After World War II, some high-ranking figures, including the prime minister, U Nu, went looking for a teacher to start a meditation center in Rangoon (Yangon). The center was to be not just a monastery but also a place where laypeople would be able to practice vipassana. This was somewhat revolutionary, since it had been generally presumed that only monastics could gain anything from meditation. Indeed, a special quality of today’s Mahasi center is that there are lay teachers and lay practitioners. Also, since many of the centers are within the city or town boundaries, they are easily accessible to laypeople.
In 1947, Mahasi Sayadaw began to teach a technique that he had developed through his own renowned teacher, U Narada, who was known as the Mingun Jetawun Sayadaw. The technique has three main characteristics: observing the breath at the abdomen, noting, and going very slowly.
Mahasi Sayadaw influenced people throughout the world to take up Buddhist meditation and helped to revive the tradition in his own country.
Mahasi was a highly respected scholar. As a young man he had passed dhammacariya (“teacher of the dhamma”) examination with distinction. At the Sixth Buddhist Council in 1945, when all the texts were reviewed and for the first time all the commentaries were edited, Mahasi Sayadaw was chosen as the pucchaka (questioner) and osana (final editor) of the texts.

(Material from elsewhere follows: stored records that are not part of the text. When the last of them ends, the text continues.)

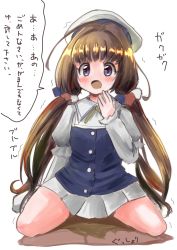 Rule 34 | 10s, 1girl, blue eyes, blue shirt, blush, brown hair, embarrassed, female focus, full body, hand to own mouth, hand up, hat, highres, hinatsuru ai, kneeling, long hair, long sleeves, looking at viewer, open mouth, peeing, peeing self, pleated skirt, puffy long sleeves, puffy sleeves, ryuuou no oshigoto!, scrunchie, shirt, simple background, sitting, skirt, solo, speech bubble, spread legs, sweat, talking, text focus, translation request, trembling, twintails, wariza, white background, white footwear, white hat, white skirt, yamabukiiro (yamabu6kiiro)
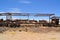 Rusty steam locomotives, train cemetery in Bolivia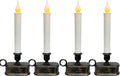 4 Pack LED Flameless Taper Candles by [Brand Name] - Dusk to Dawn Sensor, Battery Operated, Bronze Base for Christmas Home Decor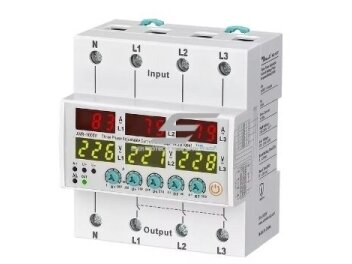 Modulinė | skaitmeninė elektros tinklo viršįtampių | viršsrovių fazių sekos relė | 3F | 63A | 380V | DIN Modulinė | skaitmeninė elektros tinklo viršįtampių | viršsrovių fazių sekos relė | 3F | 63A | 380V | DIN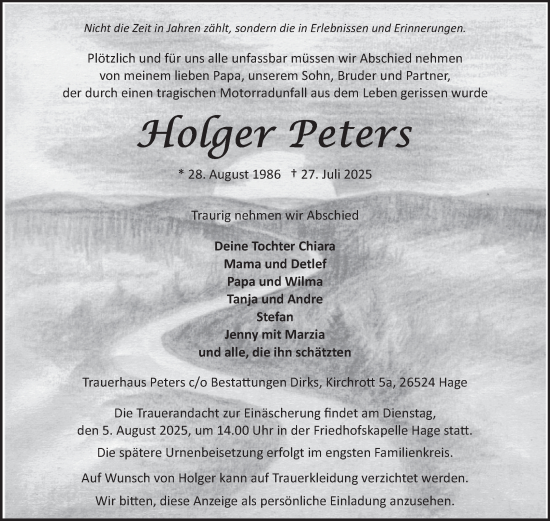 Traueranzeige von Holger Peters von Ostfriesischer Kurier GmbH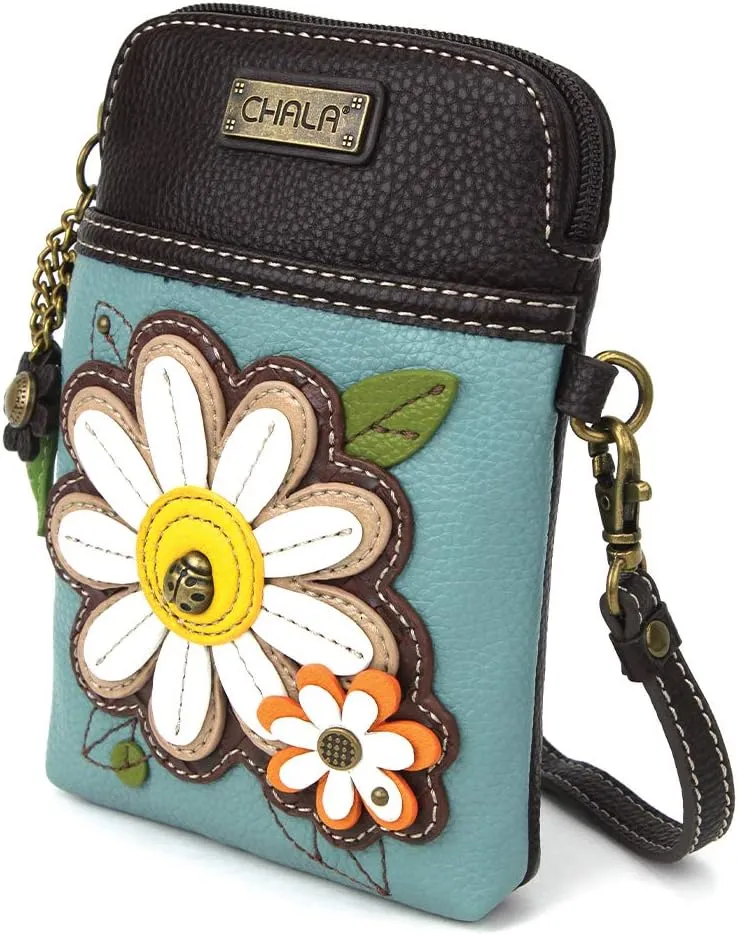 CHALA Daisy Crossbody Cell Phone Purse | Women's Wristlet Handbags with Adjustable Strap (Daisy_Teal)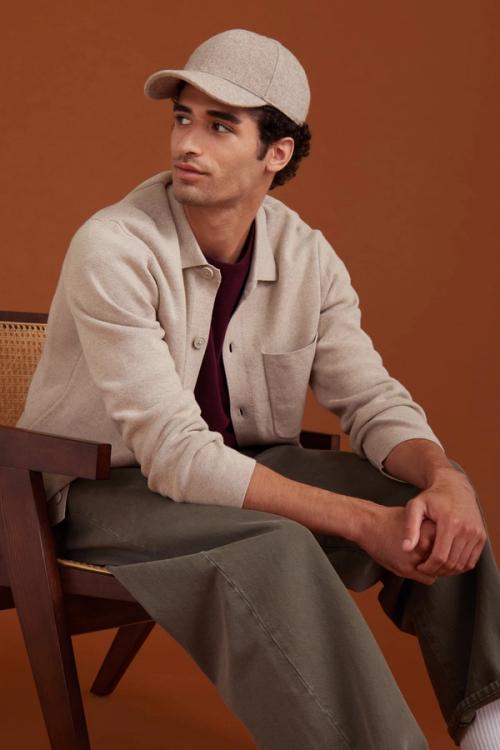 Jacket lifestyle editorial photography in studio — menswear GoPackshot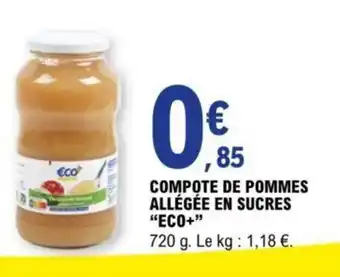 E.Leclerc COMPOTE DE POMMES ALLÉGÉE EN SUCRES "ECO+" offre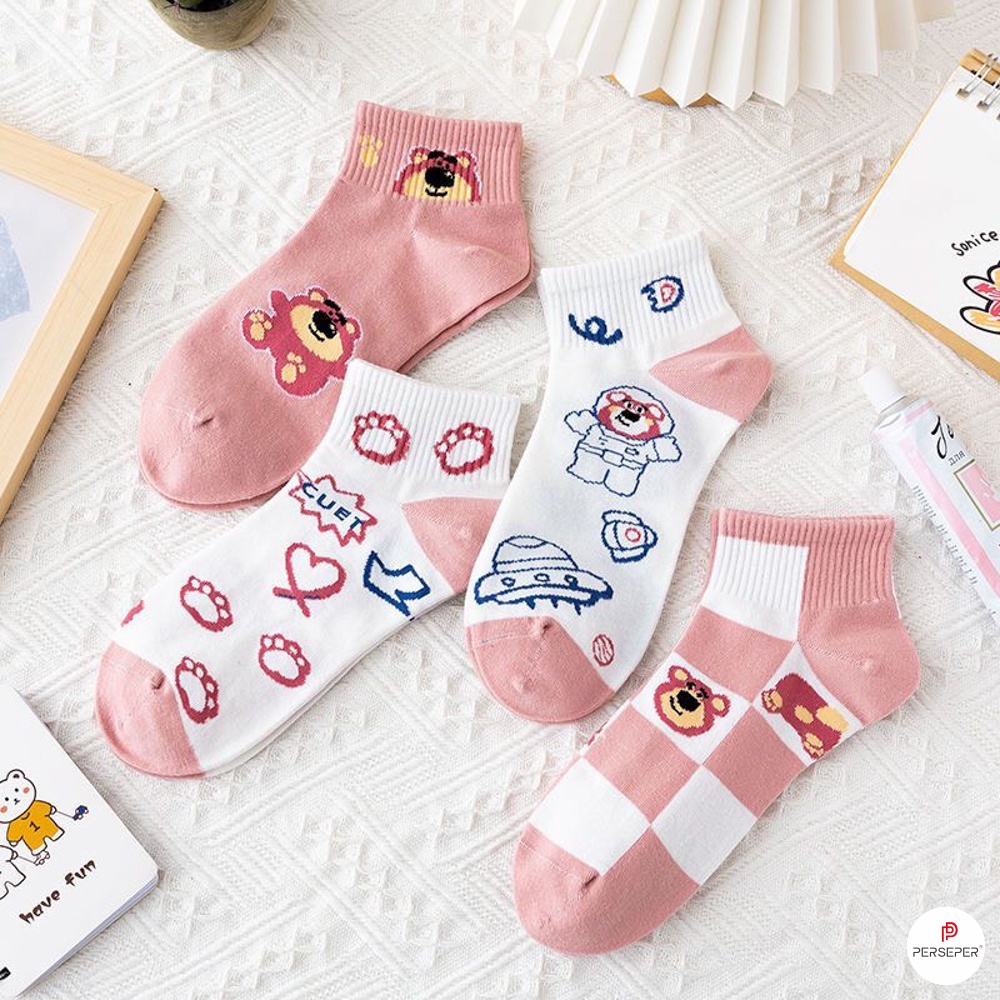 Tất vớ cổ ngắn chất liệu vải Hàn co giãn 4 chiều. sét 5 đôi vớ họa tiết xinh - Sope Shop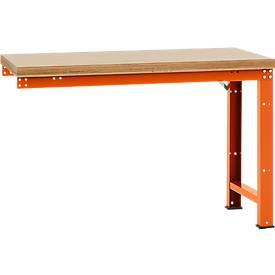 Manuflex Anbauwerkbank Profi Standard, Tischplatte Multiplex, 1500 x 700 mm, rotorange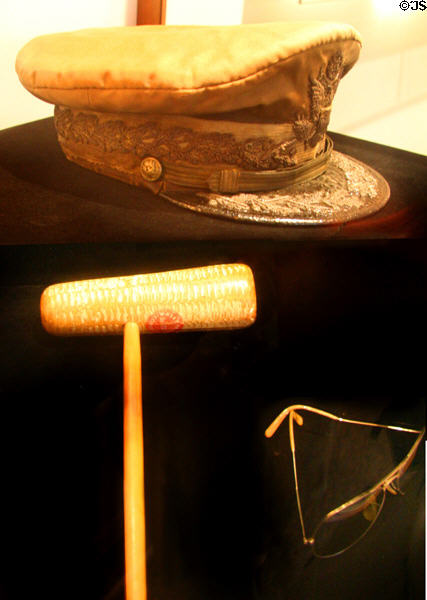 General MacArthur's army cap, corncob pipe & sunglasses in Douglas MacArthur Memorial. Norfolk, VA.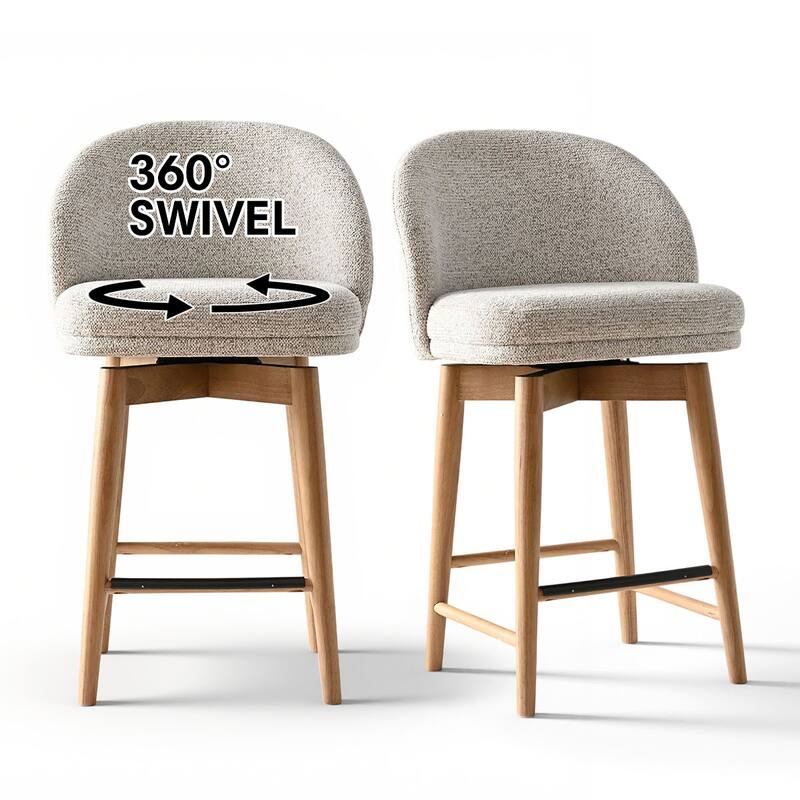 25.5" Swivel Solid Wood Leg Upholstered Counter Stool(Set of 4)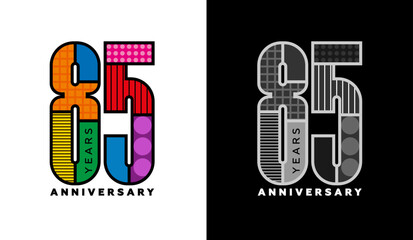 85th anniversary, eighty five logo set, colorful logo for celebration event, invitation, congratulations, web template, flyer and booklet, retro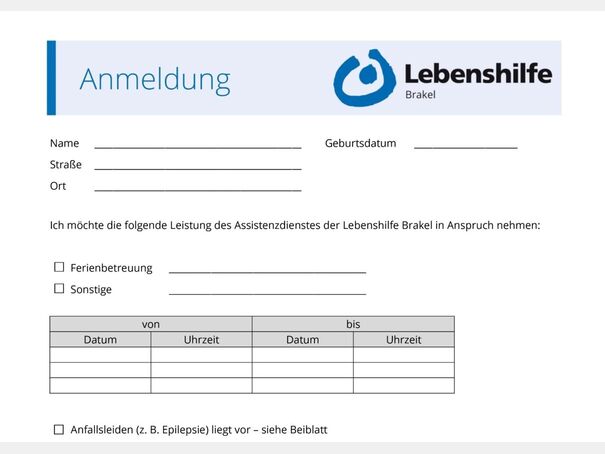 Anmeldeformular für Freizeitaktivitäten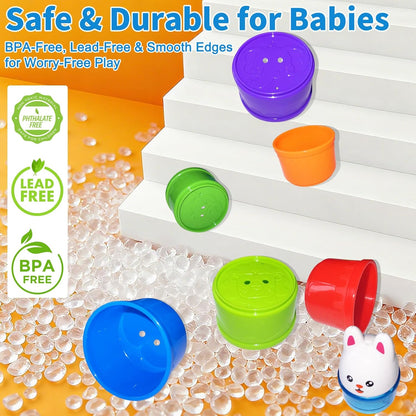 WEEJOYGAM Baby Stacking Cups, Nesting Stacking Toys for Toddlers 1-3 with Light and Sound, Montessori Toys for 1 Year Old Babies 6-12 12-18 Months Easter Gift Color Stack Bath Beach Blocks Rainbow Set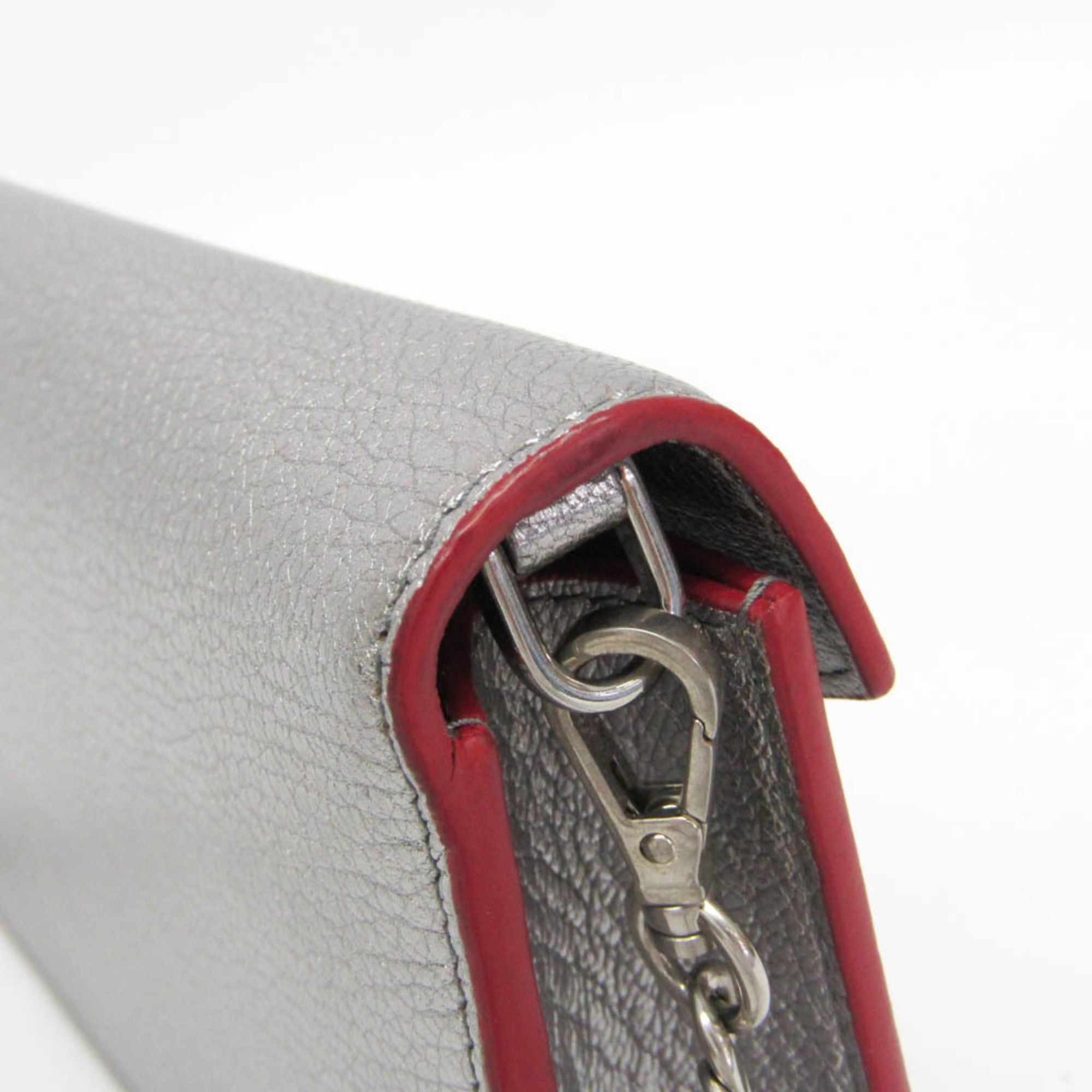 Miu Miu Miu Miu MADRAS LOVE 5DH044 Women's Leather Clutch Bag,Shoulder Bag Silver,Red Color Size ONE SIZE - 8 Thumbnail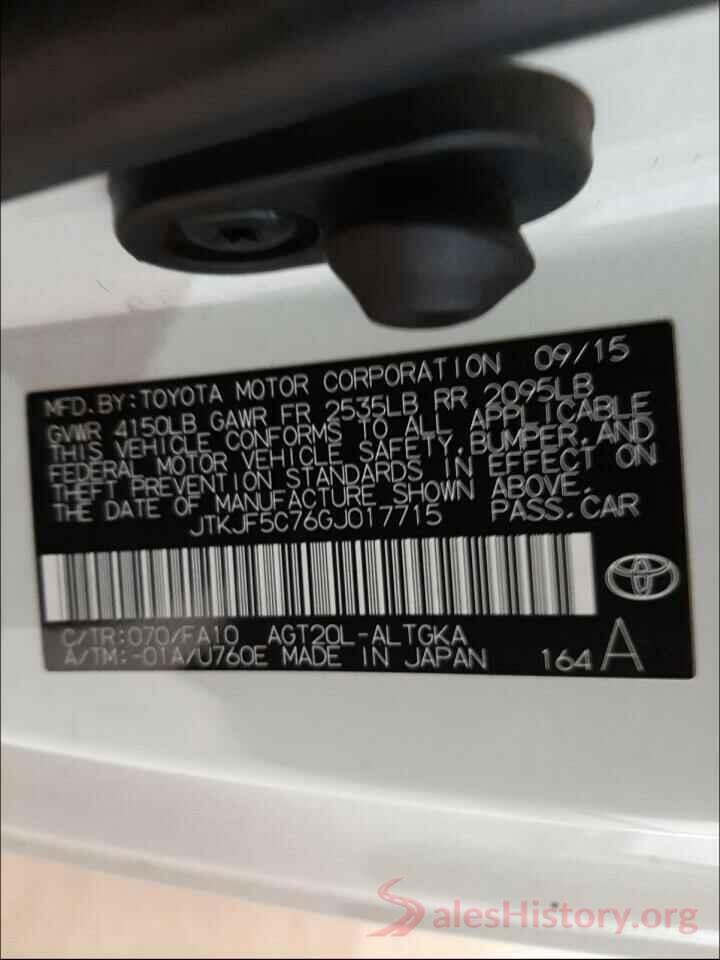 JTKJF5C76GJ017715 2016 TOYOTA SCION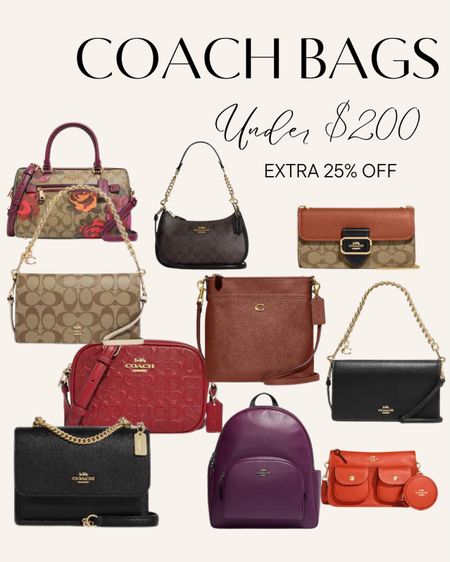 Sharing a bunch of cute Coach bags that are all 25% off. Some of them are already under $200. But, the discount will definitely put all of them under $200. Perfect holiday gift!

#LTKSeasonal #LTKGiftGuide #LTKHoliday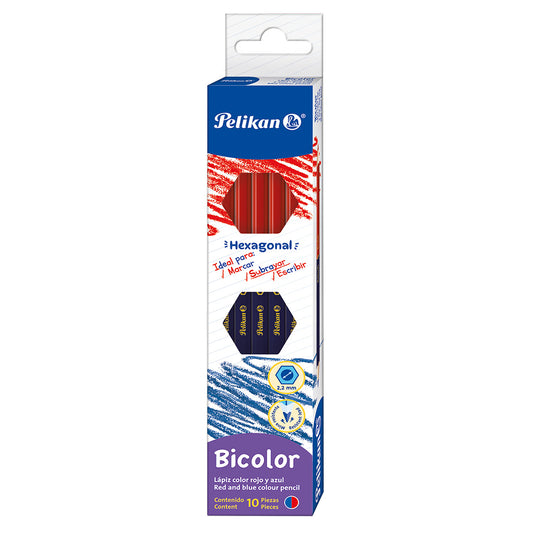 LAPICES BICOLOR 4/1 BLISTER (AZ/ROJO) PAQ. 10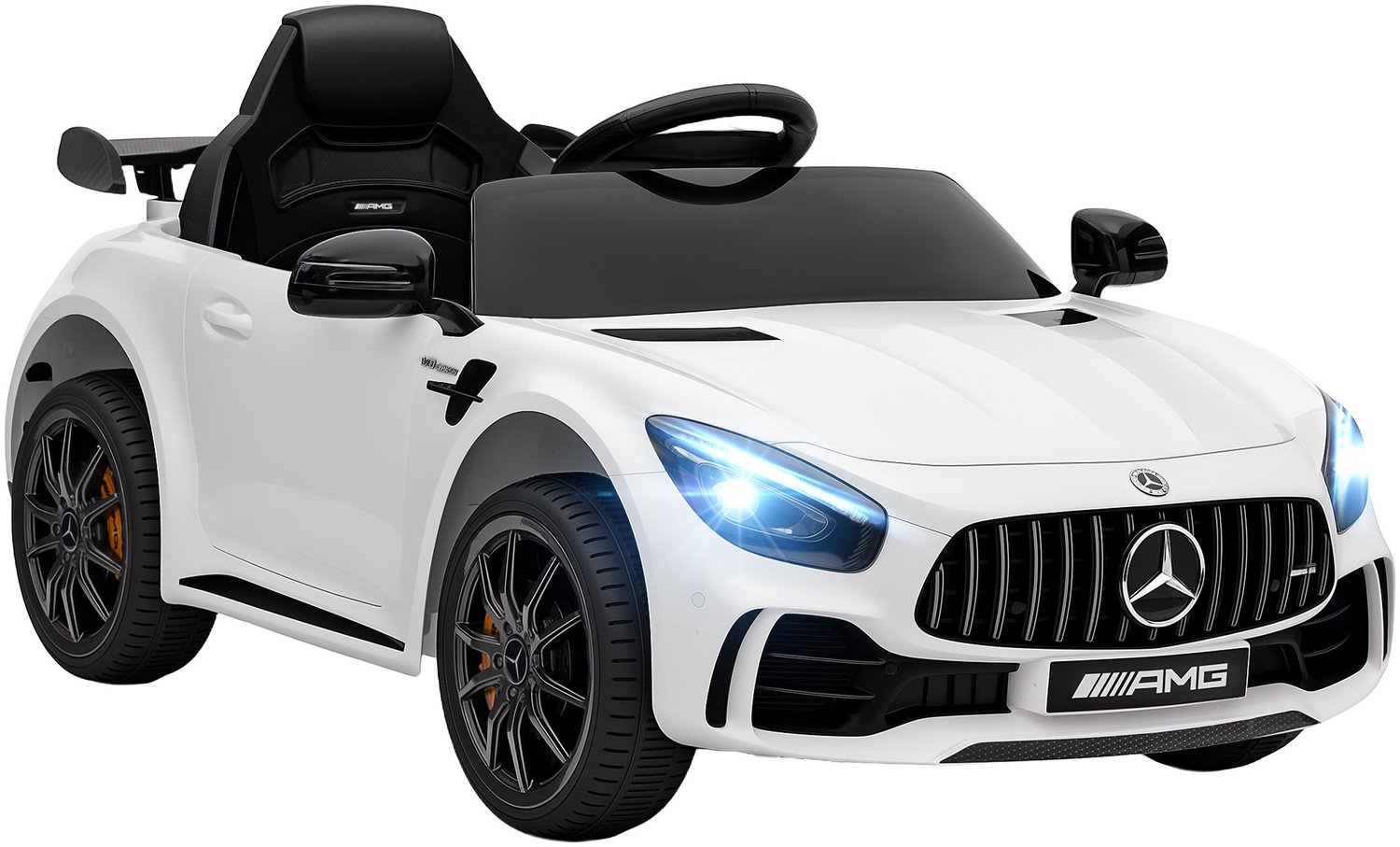 Playon Elektrische kinderauto Mercedes-Benz AMG GTR - Met afstandsbediening en verlichting en muziek - 108 x 67 x 46 cm - Wit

Although he was a scholar, he was not one to confuse intellectual understanding with true experiential insight, and he put his insight to work in the service of the dhamma. He wrote many books on dhamma, but his opening talk to beginners, “Satipatthana Vipassana: Discourse on the Basic Practice of the Application of Mindfulness,” remains the best introduction to his system. A more detailed description of the practice can be found in his book Practical Insight Meditation.
During his lifetime (he died in 1982), Mahasi toured and taught in Southeast Asia, the United States, and Europe. In Britain, he taught courses at the Oakenholt center near Oxford, owned by a Burmese family, the Saws. His chief disciples, Sayadaw U Janaka and Sayadaw U Pandita, also taught there. Unfortunately, when the Saw family had to sell Oakenholt due to the passing of Mr. Saw, the impetus faded. However, there are now city viharas in London and Manchester where Mahasi monks live and teach this system. The Satipanya Buddhist Trust is hoping to generate enough support to establish a Mahasi meditation center and carry on Mahasi Sayadaw’s work.